- Data section

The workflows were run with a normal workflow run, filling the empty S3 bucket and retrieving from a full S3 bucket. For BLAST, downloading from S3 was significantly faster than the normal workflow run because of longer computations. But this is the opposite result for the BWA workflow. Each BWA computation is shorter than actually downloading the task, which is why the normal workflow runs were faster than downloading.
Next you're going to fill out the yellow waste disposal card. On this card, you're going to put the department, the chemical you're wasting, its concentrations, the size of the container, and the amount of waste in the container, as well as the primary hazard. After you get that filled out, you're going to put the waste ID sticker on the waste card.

* * *

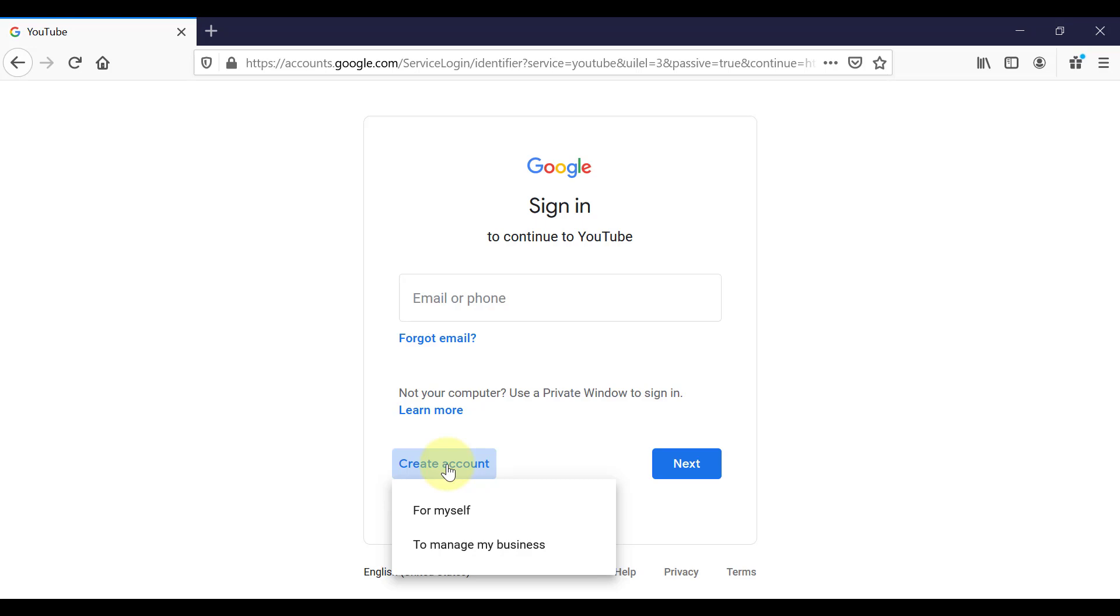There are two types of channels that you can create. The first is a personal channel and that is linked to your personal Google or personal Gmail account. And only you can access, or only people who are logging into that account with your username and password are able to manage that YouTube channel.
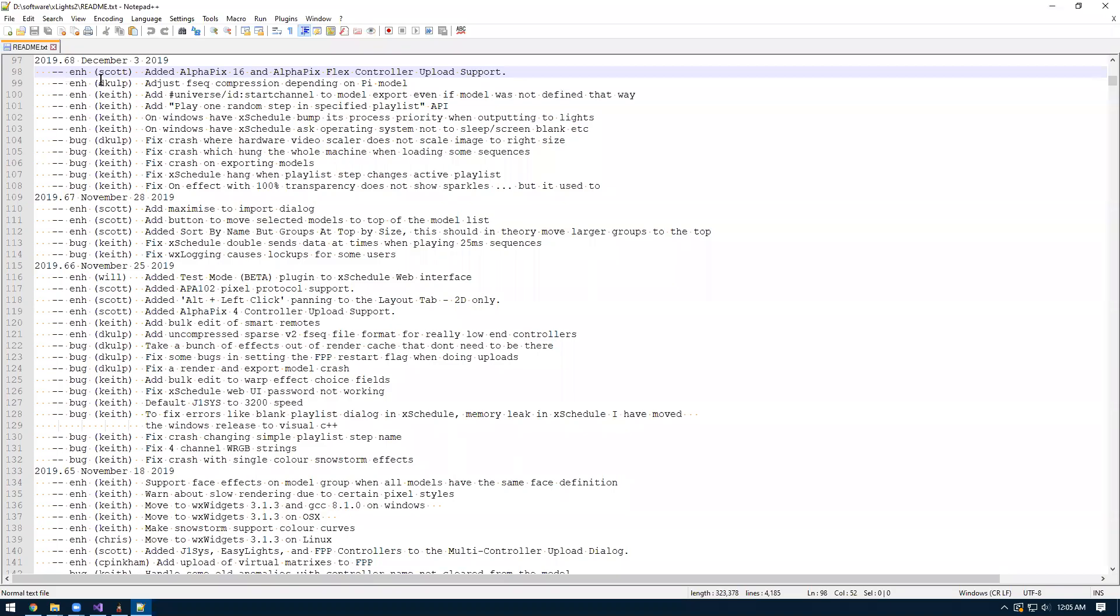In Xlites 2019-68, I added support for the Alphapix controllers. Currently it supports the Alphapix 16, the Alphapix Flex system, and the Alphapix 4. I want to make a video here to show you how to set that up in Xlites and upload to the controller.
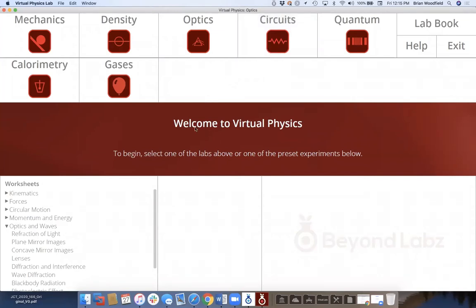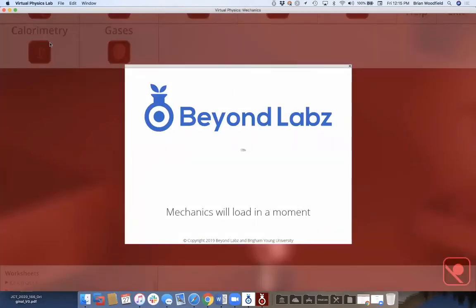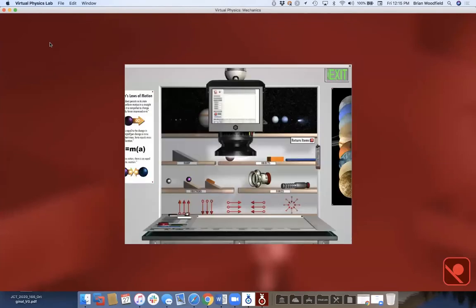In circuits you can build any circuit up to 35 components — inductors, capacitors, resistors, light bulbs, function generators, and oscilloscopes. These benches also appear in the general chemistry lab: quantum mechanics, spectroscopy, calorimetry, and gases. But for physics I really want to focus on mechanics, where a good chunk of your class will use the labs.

- What to work on
Starting with the line that has "There are two" and ending with the line that has "In circuits you", repeat the lines above exactly, omitting every picture.

- Response area
There are two types of channels that you can create. The first is a personal channel and that is linked to your personal Google or personal Gmail account. And only you can access, or only people who are logging into that account with your username and password are able to manage that YouTube channel.
In Xlites 2019-68, I added support for the Alphapix controllers. Currently it supports the Alphapix 16, the Alphapix Flex system, and the Alphapix 4. I want to make a video here to show you how to set that up in Xlites and upload to the controller.
In circuits you can build any circuit up to 35 components — inductors, capacitors, resistors, light bulbs, function generators, and oscilloscopes. These benches also appear in the general chemistry lab: quantum mechanics, spectroscopy, calorimetry, and gases. But for physics I really want to focus on mechanics, where a good chunk of your class will use the labs.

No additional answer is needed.